Figure 2. Stability of NZX under different physiological conditions. (A) The peptide remaining after incubation with 25% serum for 24 h in serum. (Left) chromatogram; (Right) histogram. (B–G) The activity of NZX exposure to different physiological conditions for 24 h. No treatment: with the only presence of the MH medium.
Low Toxicity, Intracellular Bactericidal Activity, Uptake, and Location of NZX
As shown in Figure 3A, the viability of RAW 264.7 cells was 85.56~98.96% after treatment with 1~128 μg/ml NZX for 24 h. Furthermore, after exposure to 1~128 μg/ml daptomycin, the cell viability was 87.22~102.19%, which was similar to the NZX treatment. These results demonstrated that NZX and daptomycin had low toxicity to RAW 264.7 cells at tested concentrations.

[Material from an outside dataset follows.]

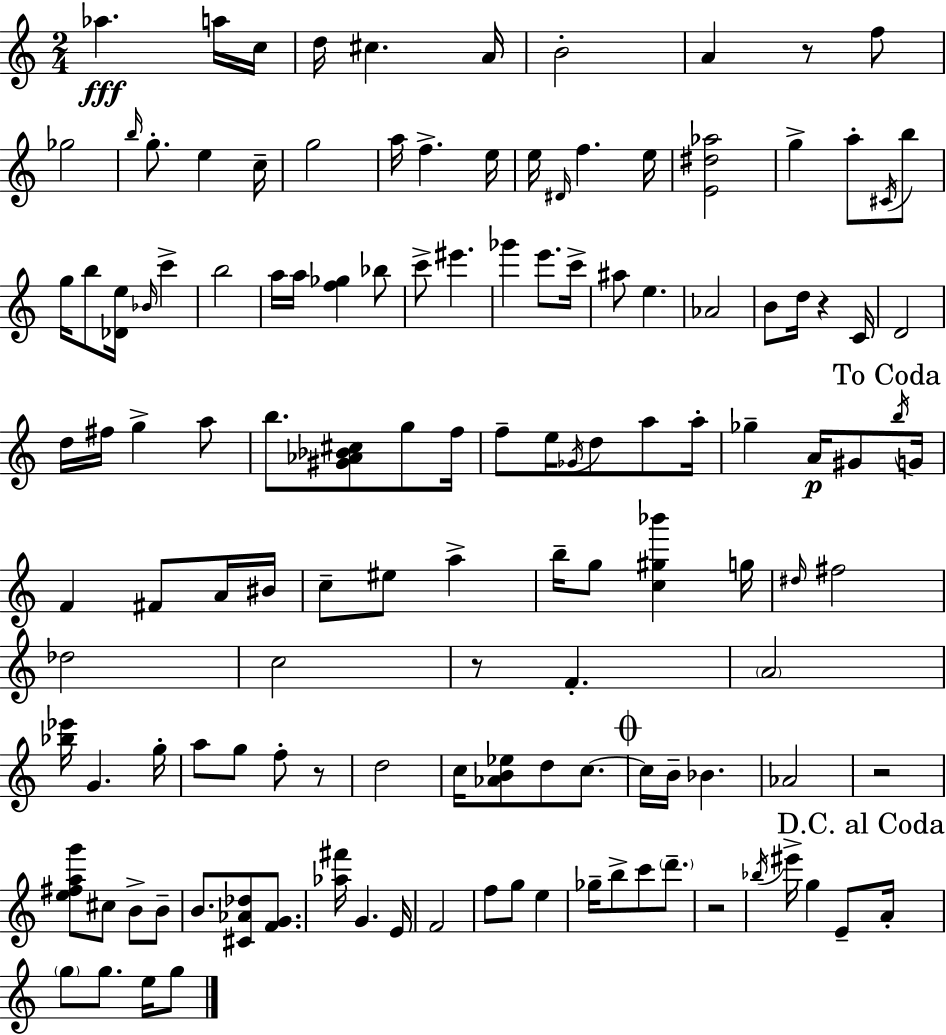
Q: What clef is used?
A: treble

Figure 3. Cell toxicity, intracellular antibacterial activity, cellular uptake, and distribution of NZX in RAW 264.7 cells. (A) Cell viability of RAW 264.7 cells incubated with NZX with concentrations ranging from 1 to 128 μg/ml for 24 h by the MTT method. Daptomycin was set as a positive control. Results from three experiments were expressed as means ± SD (n = 3). (B) Intracellular antibacterial activity of NZX in RAW 264.7 cells infected with S. aureus E48. The activity of NZX and daptomycin against intracellular S. aureus E48 in RAW 264.7 cells was measured after treatment for 24 h. CK: without the presence of any antibacterial agents. (C) Cellular uptake of FITC-labeled NZX. The cells were incubated with 1-, 16-, and 64 μg/ml FITC-labeled NZX for 24 h. The internalization ratio of intracellular FITC-labeled NZX was determined by setting quadrants on the flow cytometry. (D) FITC-labeled NZX distribution in RAW 264.7 cells. The cells were incubated with 64 μg/ml FITC-labeled NZX for 24 h. The localization of FITC-NZX was visualized by confocal microscopy. CK: free FITC without conjugated to NZX. The cells incubated with FITC-NZX presented a green signal; the cell nucleus and membrane were stained with Hoechst 33342 (a blue signal) and wheat germ agglutinin (WGA)-Alexa Fluor® 555 (a red signal), respectively.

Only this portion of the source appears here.